Bu konuda halen bilgilenme sürecindeyiz, ama ben bu işin İttihat ve Terakki’nin sivil kanadı tarafından organize edilmiş ve Talat Paşa tarafından merkezden yönetilmiş nüfus mühendisliği amaçlı bir ‘etnik temizlik’ harekâtı olduğunu düşünüyorum. Burada Talat Paşa’nın merkezi bir konumda olduğunu belirtmek lazım. Kendisi Dahiliye Nazırı olarak bir yandan resmen Anadolu’daki valilere tehcir emri yollarken, diğer yandan da İttihad ve Terakki’nin genel merkezinin başı olarak konağına kurmuş olduğu telgrafhane ile partinin yerel örgütlerine kırım emirleri yolladığını ve bu amaçla Teşkilat-ı Mahsusa gibi çeteleri seferber ettiğini biliyoruz.

Tabii ki 1915’te olanları ‘soykırım’ olarak görenler de var. Bir sosyal bilimci olarak hukuk terimlerinin sosyal bilimlerde kullanımını çok yararlı bulmuyorum.

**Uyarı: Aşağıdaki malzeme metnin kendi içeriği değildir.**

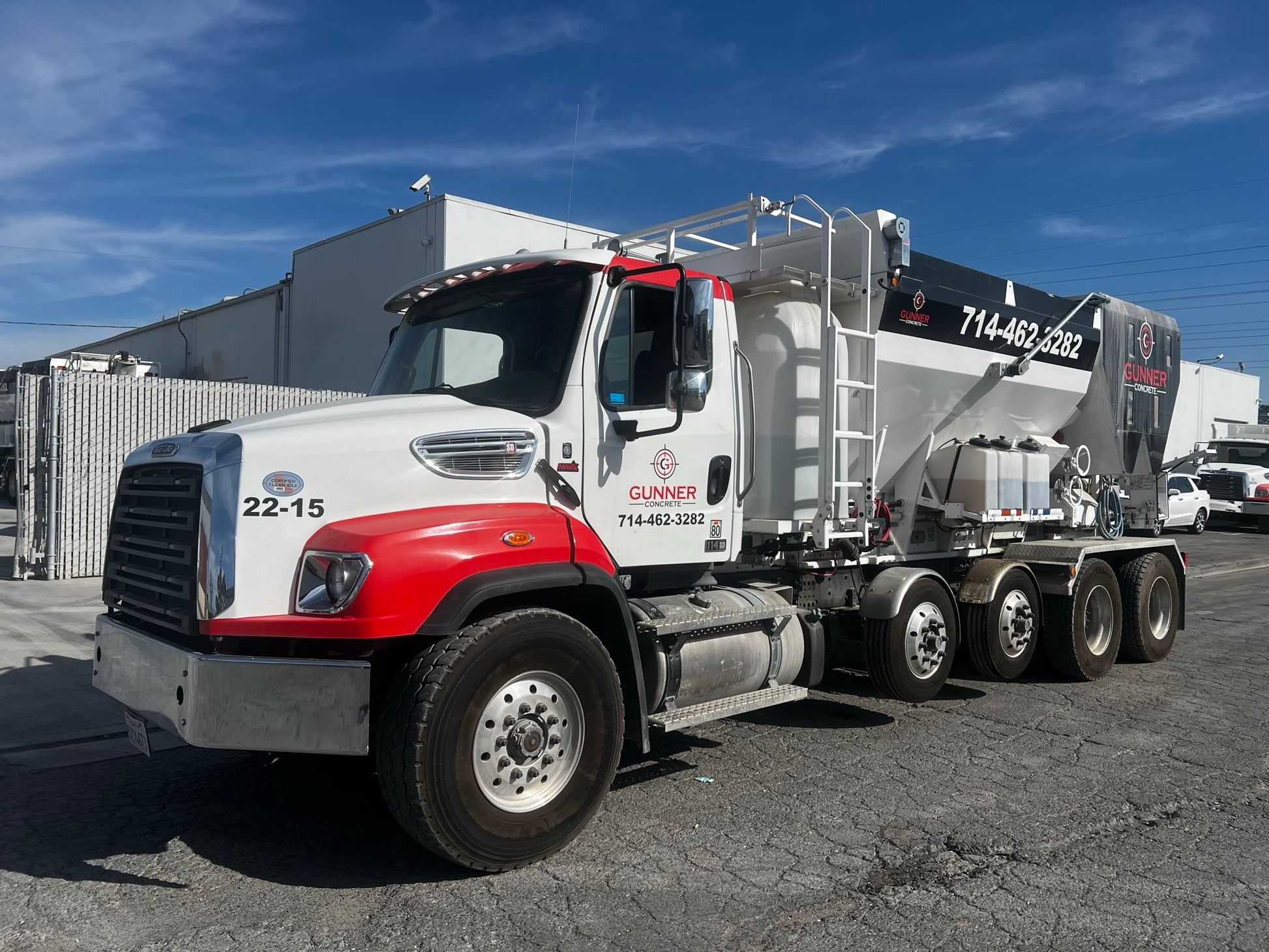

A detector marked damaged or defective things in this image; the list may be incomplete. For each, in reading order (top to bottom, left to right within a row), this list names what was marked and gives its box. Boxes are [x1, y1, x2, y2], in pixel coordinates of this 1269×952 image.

cracked asphalt [2, 571, 1269, 949]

Ermeni meselesine ilişkin sizin çözüm öneriniz nedir?

Türkiye bu konuda çok ciddi bir fırsatı 1990’larda kaçırdı. Demirel-İnönü koalisyonu sırasında Ter Petrosyan Ermenistan’ın lideriydi. Türkiye ile uzlaşma istiyordu. O dönemde hükümeti Ermenistan ile uzlaşmazlık konusunda ikna eden dışişleri bürokratlarının bugün yargılanmaları gerektiğini düşünüyorum. Bunun Halk Bankası’nın içini hortumlamaktan daha büyük bir suç oluşturduğuna inanıyorum. Çünkü onlar, Türkiye’nin Batı dünyası ile ilişkilerine mayın döşediler. Bu, affedilemez bir şeydir.

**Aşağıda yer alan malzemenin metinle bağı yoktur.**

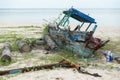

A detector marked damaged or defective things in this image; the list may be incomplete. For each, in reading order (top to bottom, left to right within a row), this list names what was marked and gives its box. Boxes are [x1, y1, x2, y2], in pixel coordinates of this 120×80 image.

wrecked fishing boat [47, 7, 109, 57]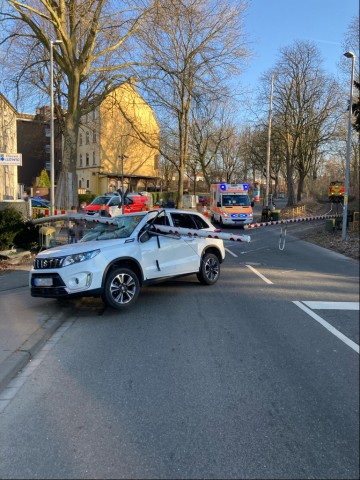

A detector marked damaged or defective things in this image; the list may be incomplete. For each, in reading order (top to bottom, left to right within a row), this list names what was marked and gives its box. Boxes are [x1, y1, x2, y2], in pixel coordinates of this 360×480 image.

shattered windshield [80, 215, 145, 242]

Ama yine de bir şeyler yapılabilir. Tehcir emrine direnen Osmanlı valilerinin faaliyetleri veya eşrafın Ermenilere yardımları gündeme getirilebilir. Örneğin, Sarkis Çerkezoğlu’nun anılarında Konya Ereğlisi’nde Ermenilerin tehcir edilmesine karşı çıkan Gökbudak ailesinin lideri Deli Mustafa Ağa’dan bahsediliyor. Deli Mustafa’ya Ermeniler için tehcir emri geldiğini söylemişler. O da, “Biz öyle bir şey yapmayacağız” demiş. Sonra da “Bir pilav pişirmek için su yerine tereyağı koysam ama tuz koymasam o pilav yenir mi?” diye sormuş. “Hayır, yenmez,” diye cevap vermişler. “Ulan Türk bulgur olsa, pilav pişirsek, tuz yerine Ermeni’yi koymasak o pilav yenmez. Onlar bu memleketin hem tadı hem tuzu. Gâvursuz memleket mi olurmuş?” demiş. Böylece, Ermeniler Suriye çöllerine sürülmekten kurtulmuşlar.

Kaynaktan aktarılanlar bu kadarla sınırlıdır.